EP 127: Real Confidence- Staying Confident When Criticism Hits Hard

You know what we don’t talk enough about?  Nasty feedback. 

Not constructive feedback. Not “well-meaning suggestions.” I mean the kind that lands sideways, feels personal and makes your stomach drop before your brain can catch up. The kind that instantly puts you on the defense, even if a tiny part of you wonders whether there’s something in there worth paying attention to.

This episode came out of years of being on stages, publishing work, putting ideas into the world and inevitably getting feedback that stings. No matter how much praise surrounds it, a sharp comment still finds a way to linger. I wanted to talk honestly about that moment: the internal scramble between wanting to dismiss it completely and secretly replaying it later, wondering if it says something uncomfortable about you.

What I explore here isn’t about becoming thicker-skinned or pretending criticism doesn’t matter.
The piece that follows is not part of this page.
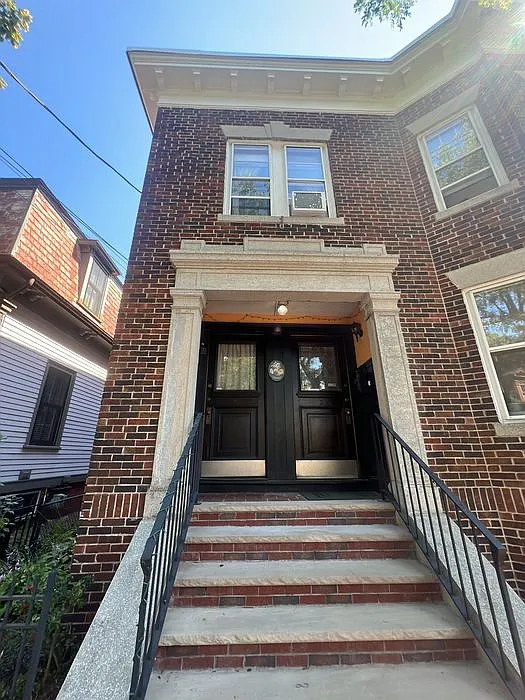 Building Photo - 4 Tremont St #1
It’s about what confidence actually looks like after the feedback hits. The pause. The emotional surge. And how quickly confidence can wobble if we don’t know how to separate who we are from what someone just said about our work, our presence or our performance.

There’s also a quieter question underneath all of this: what responsibility do we have once the feedback is in our hands? 

This episode is an invitation to rethink how you engage with criticism that feels unfair, clumsy or poorly delivered and how to stay grounded enough to decide what, if anything, deserves your energy. 

Because confident people aren’t immune to feedback—they’re just better at not letting it run the show.